Segundo o estudo, um a cada três não acredita mais que a democracia seja capaz de resolver os problemas do país; nos estados da antiga Alemanha Oriental, a porcentagem dos descrentes chega a 53%.  Quatro de dez entrevistados duvidam de que a democracia ainda funcione. A conclusão que a metade deles tira disso é que não vale a pena votar: um a cada dois não pretende ir às urnas em 2009 para eleger o novo Parlamento alemão.

 

A descrença se manifesta sobretudo entre os desempregados e beneficiários da ajuda social. O estudo realizado com 2,5 mil cidadãos alemães revelou, no entanto, que a crença no sistema político diminuiu dramaticamente de uma maneira geral.

 

Em 17.02.2008 já havia sido divulgado o Índice de Transformação da Fundação Bertelsmann de 2008, segundo o qual 4 bilhões de habitantes do planeta vivem em democracias. Autocracias e ditaduras englobam 2,5 bilhões de pessoas. (Estudo vê disparidade entre progresso econômico e democracia. Deutsche-Welle, 19.02.2008)

 

O índice pesquisou 125 países com mais de 2 milhões de habitantes que ainda não atingiram o completo status de democracias baseadas em economia de mercado. O Índice de Transformação (BTI) é divido em dois: um que aponta o desenvolvimento democrático destes países, outro que mede sua transformação gerencial.

 

Dos 49 países com maior crescimento econômico, nos últimos dois anos, somente 34 são considerados democracias. Pelo índice, Brasil e Argentina são consideradas democracias com defeitos; Colômbia e Venezuela, democracias com muitos defeitos; Chile e Uruguai, democracias.

 

O BTI de 2008 mostra que 14 países se consolidaram como democracias avançadas. Entre eles, três latino-americanos: Chile, Uruguai e Costa Rica. Por outro lado, o índice aponta Venezuela e Bolívia entre os países que mais desceram no ranking de transformação gerencial.

 

Segundo o estudo, uma série de países do mundo se desenvolve na direção de ditaduras e autocracias. Embora 75 dos 125 países em transformação pesquisados sejam considerados, oficialmente, democracias. Destes, 52 são democracias defeituosas ou muito defeituosas. Entre estas nações, encontram-se Rússia e Venezuela. A China, por sua vez, é classificada como autocrática.

2 comentários até agora

  1. Ignifero Celeste on

    Por que o Brasil foi considerado um Estado com democracia defeituosa? Qual foi o critério usado pela pesquisa? Será que é o fato do PT, um partido de esquerda estar no comando do executivo federal?

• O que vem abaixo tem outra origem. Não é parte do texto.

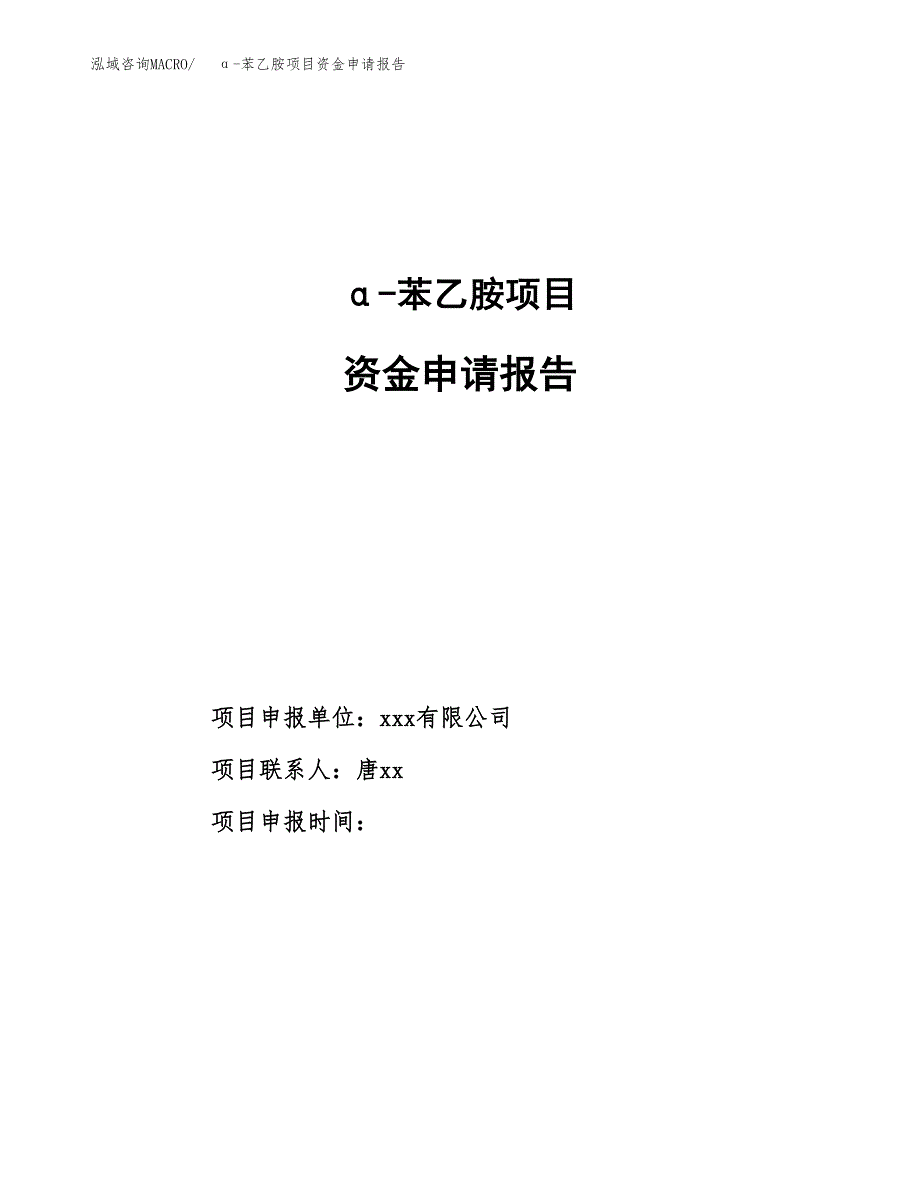 α-苯乙胺项目资金申请报告.docx_第1页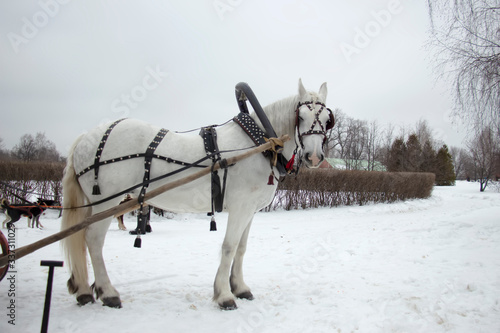 A horse is standing in the snow
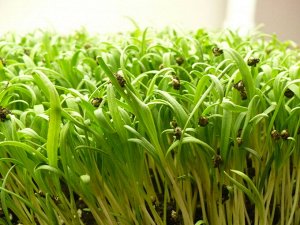 Шпинат семена микрозелени, 100 г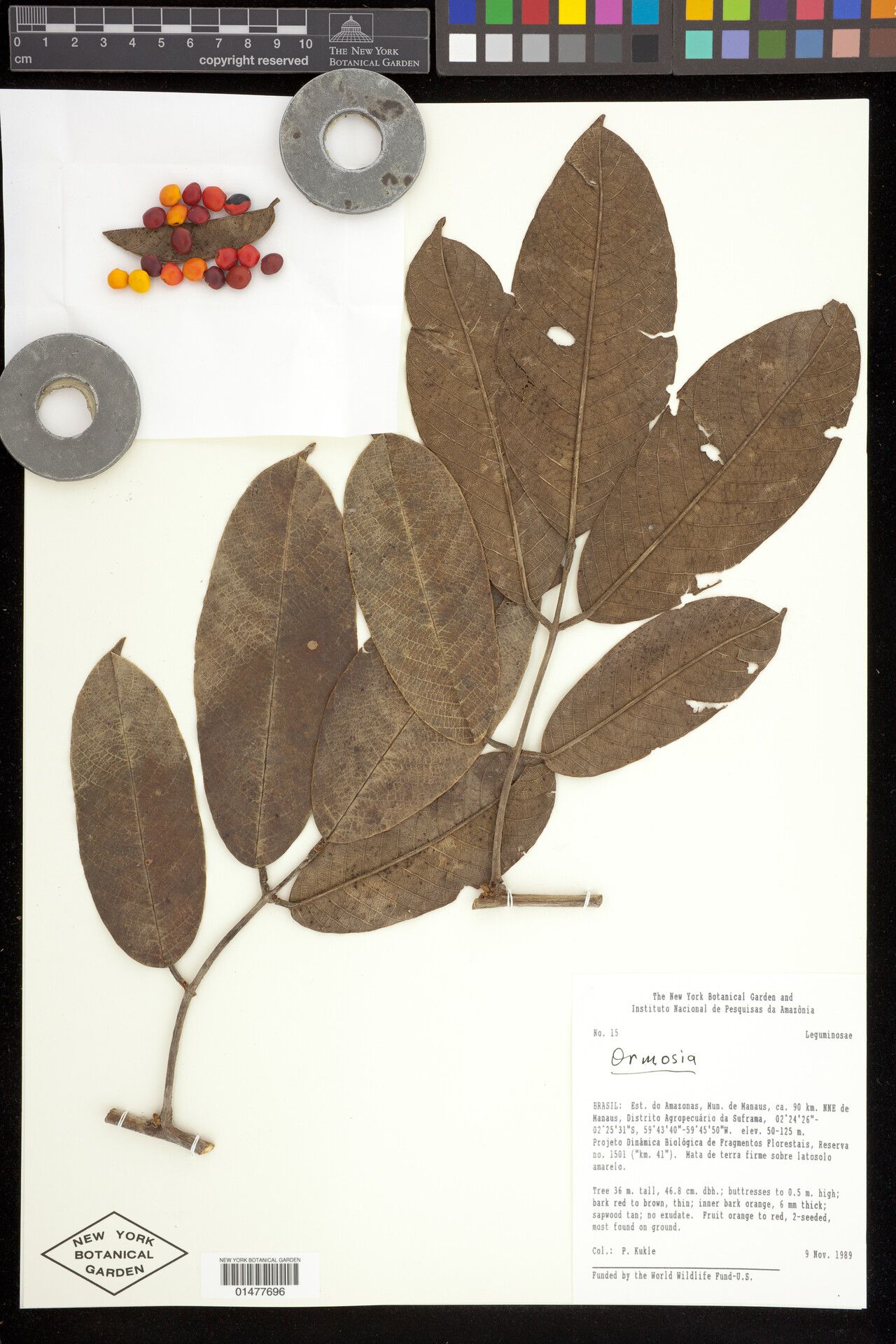 Ormosia solimoesensis — houseplant care guide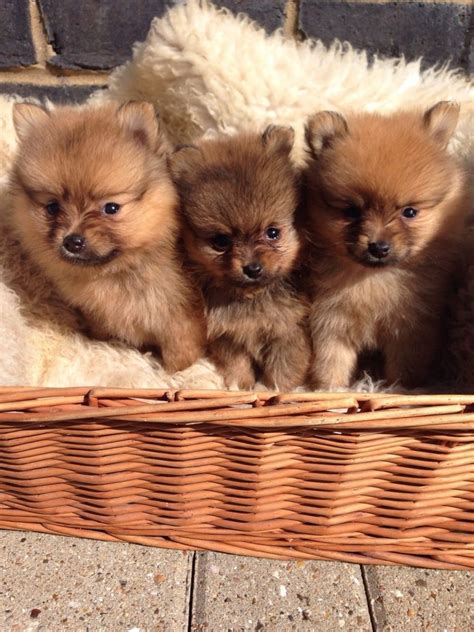 Pomeranian Puppies For Sale Miami Gardens Fl 159957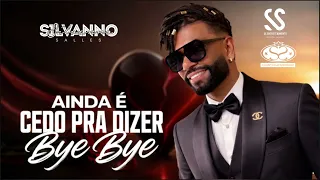 AINDA É CEDO PRA DIZER BYE BYE - SILVANNO SALLES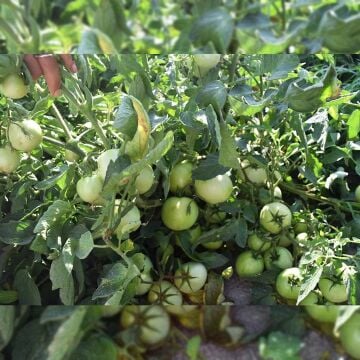 Karaköy F1 Oturak Domates Tohumu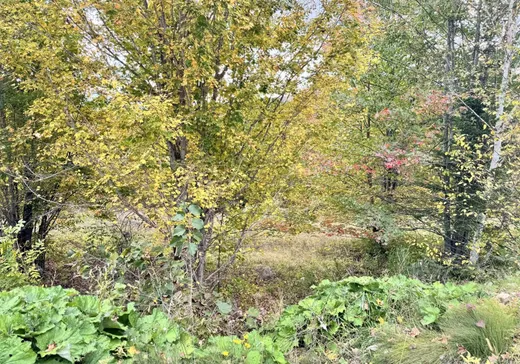 Land for Sale -  Ch. Germain, Mont-Laurier, J0W 1J0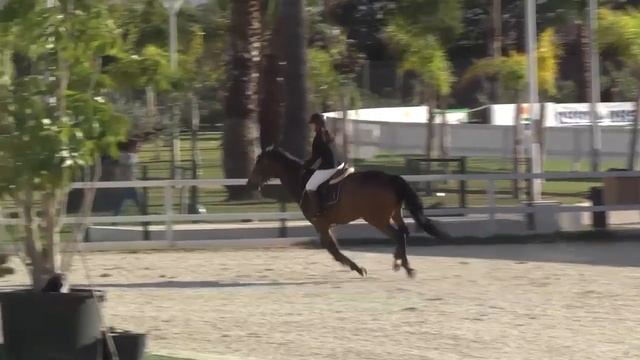 NIDOR DU PARC - Belen Serratosa Aliaga - Bronze 3 - 1.30m - Valencia (07.11.2014) смотреть онлайн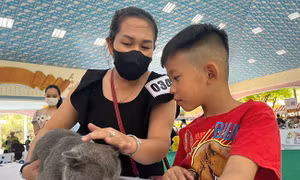 TP Hồ Chí Minh: Gần 600 thú cưng tham gia Ngày hội thú cưng ‘Pet perfect’ năm 2023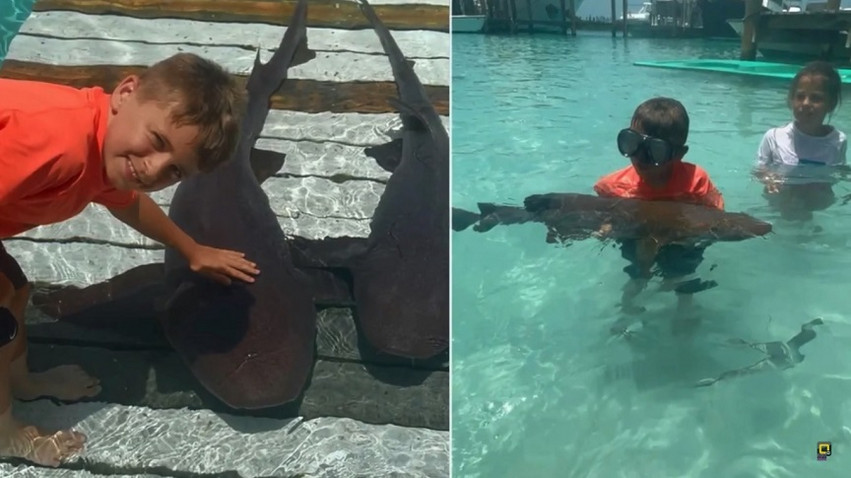 Τρόμος στις Μπαχάμες: 8χρονος δέχθηκε επίθεση από καρχαρίες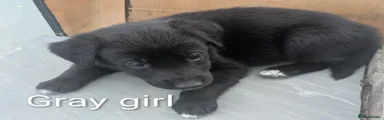 Grey Mixed Breed 5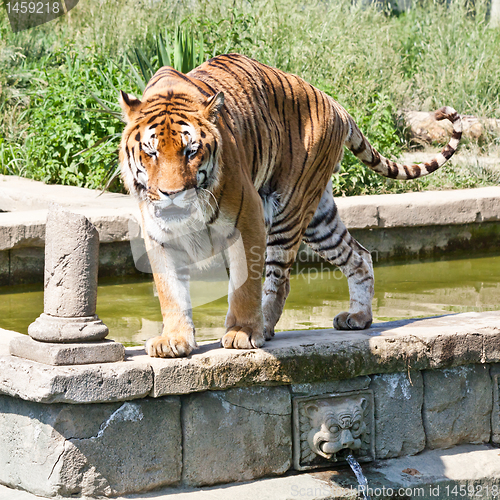 Image of Walking tiger (Panthera Tigris)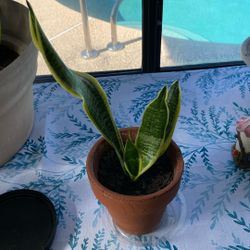 Snake Plant Baby
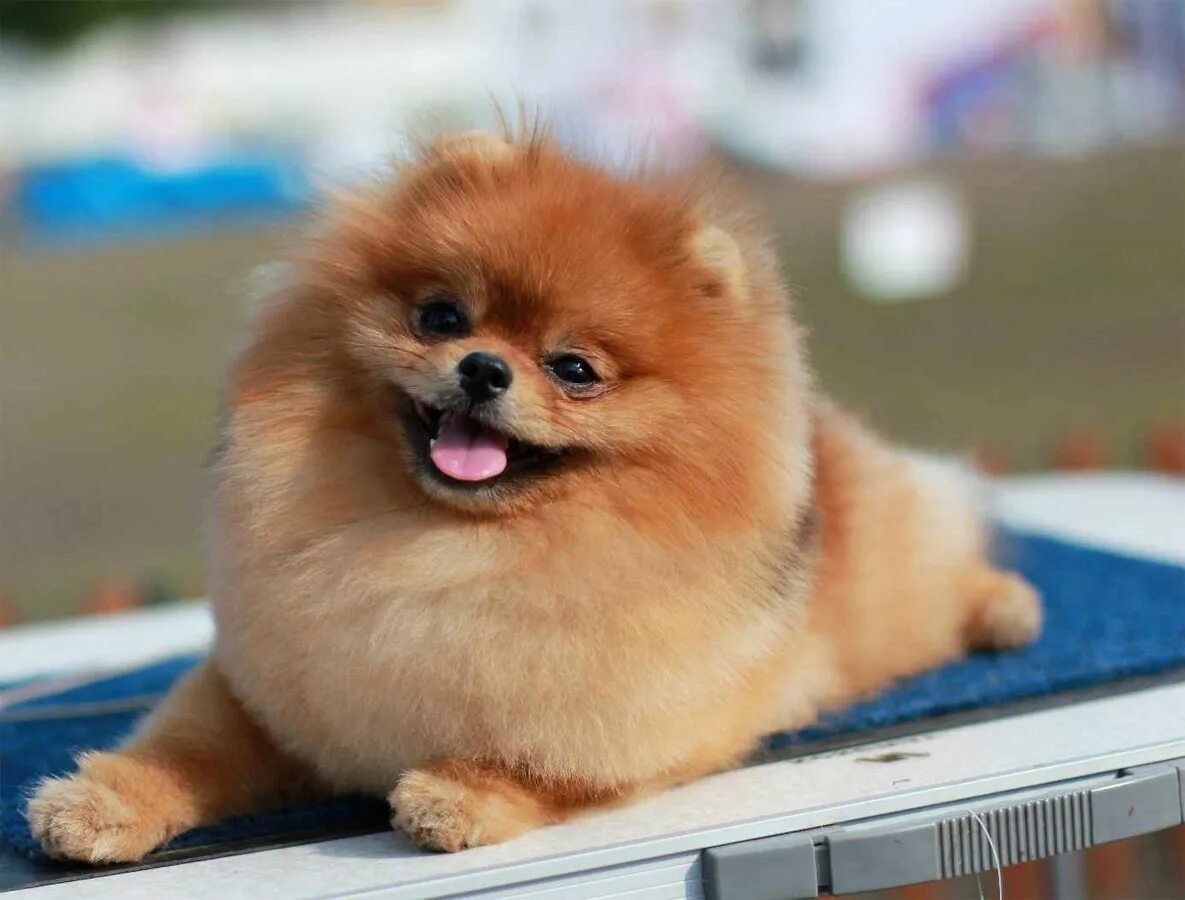 Померанский шпиц тедди. Померанский шпиц. Померанский карликовый шпиц медвежьего. Шпиц мишка фото. Померанский шпиц медвежьего типа.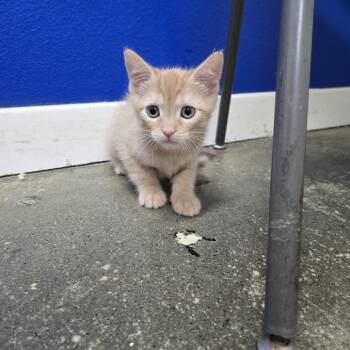 Domestic Short Hair Cats Available for Adoption in Los Angeles, California - Ginger | PetCurious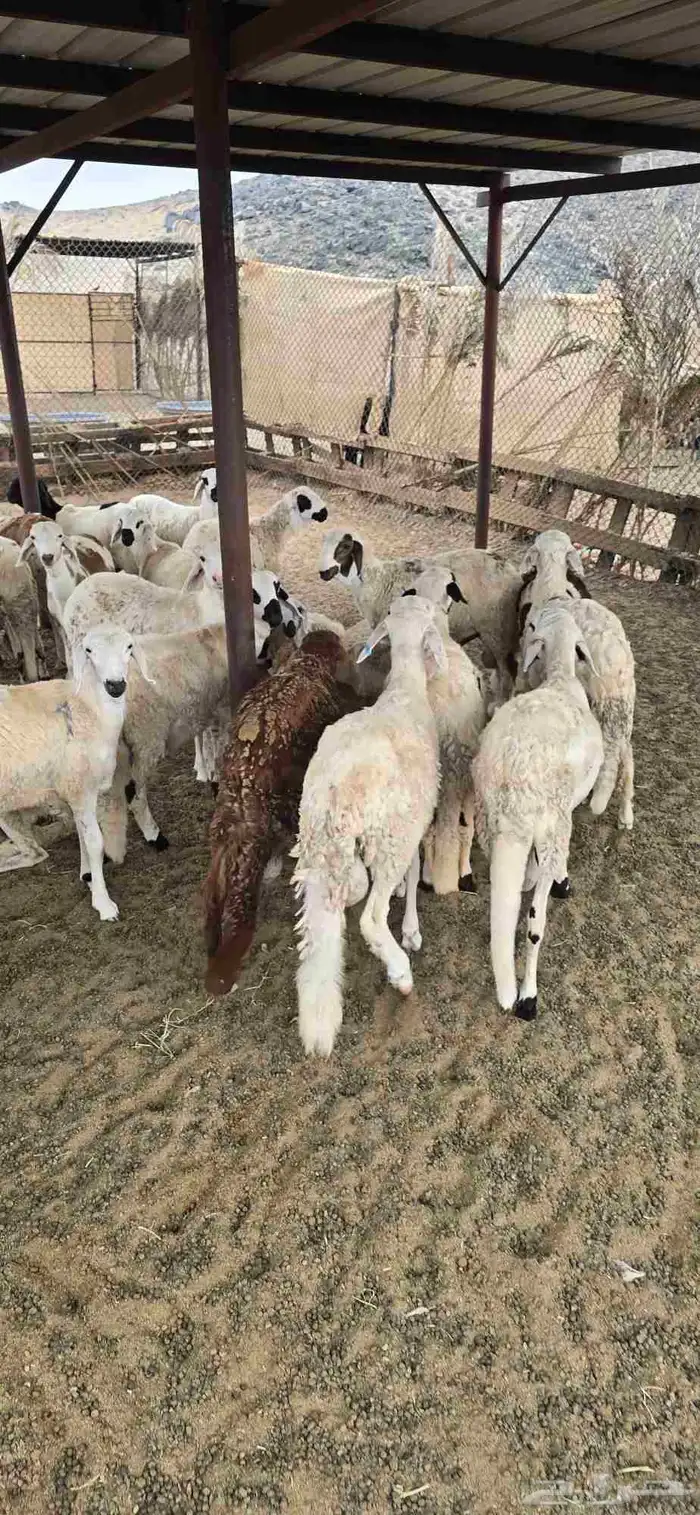 طليان سواكني تربيه 3 اشهر 1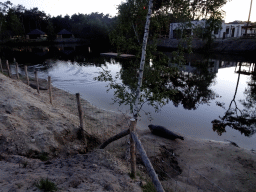 Seals at the Bahari Beach area at the Safari Resort at the Safaripark Beekse Bergen, at sunset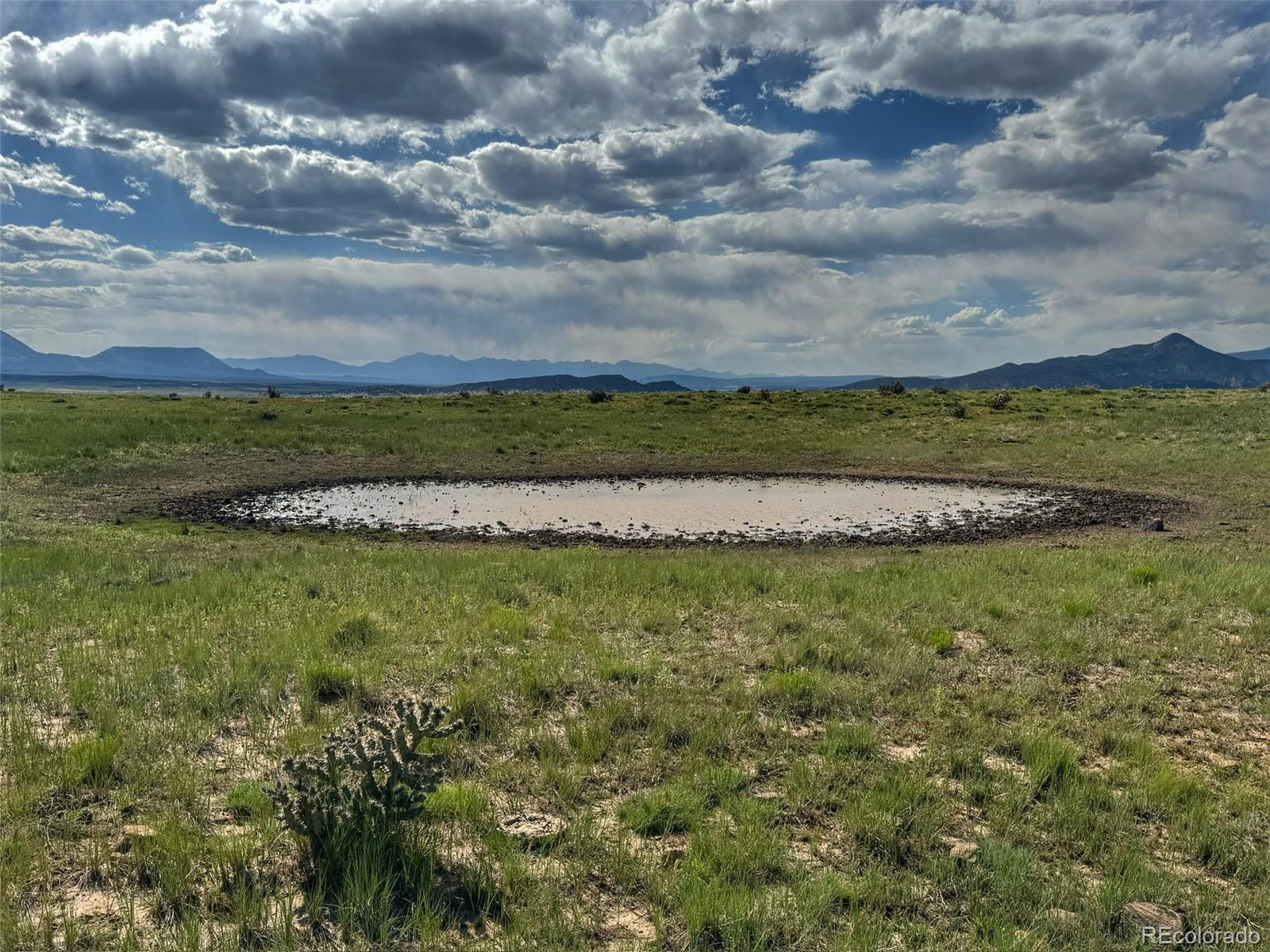 a view of a pathway both side of grassy field with shrub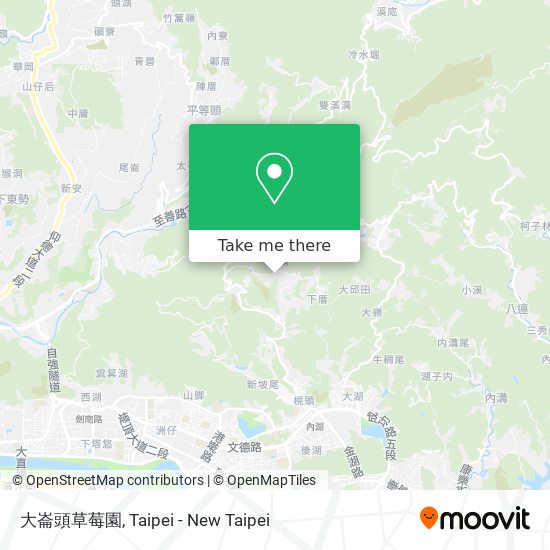 大崙頭草莓園 map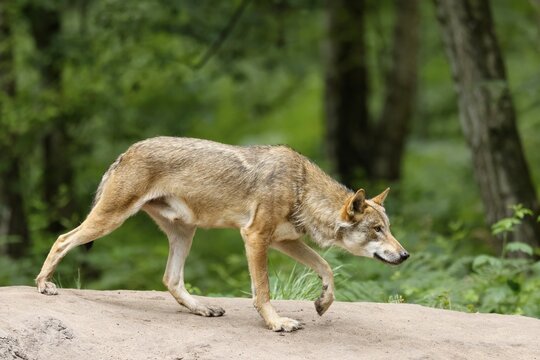 European gray wolf (Canis lupus), adult creeping on a hill, captive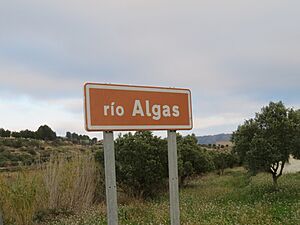 Archivo:Río Algás, Nonaspe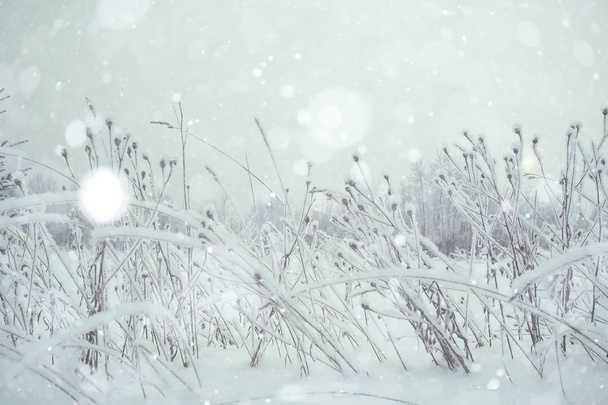 Snow in the field with grass - Foto, Imagen
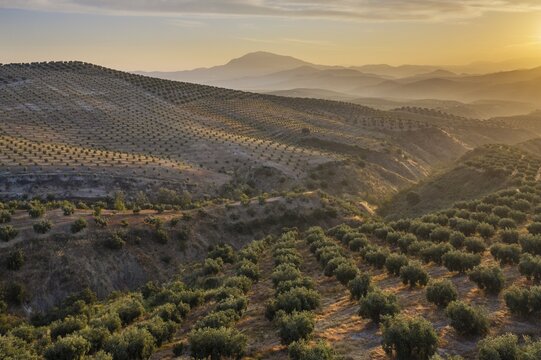 Cultivated olive trees (Olea europaea) at sunrise, aerial view, drone shot, C&oacute;rdoba province, Andalusia, Spain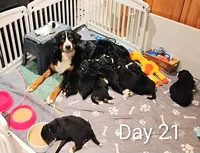 Sadie Pumpkin , a female Bernese Mountain Dog for sale in Rogers, MN – Photo 2 of 10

  2. Farlei Martins Riccio on

    Conforme informado no post, o índice apura duas situações: desenvolvimento democrático e transformação gerencial. Penso que o resultado do Brasil não tem relação direta com o governo do PT ou de qualquer outro partido e sim com o pouco desenvolvimento gerencial da Administração Pública brasileira, ainda que instrumentos de participação democrática, embora previstas na Constituição e nas leis do país, não tenham sido efetivamente implementadas.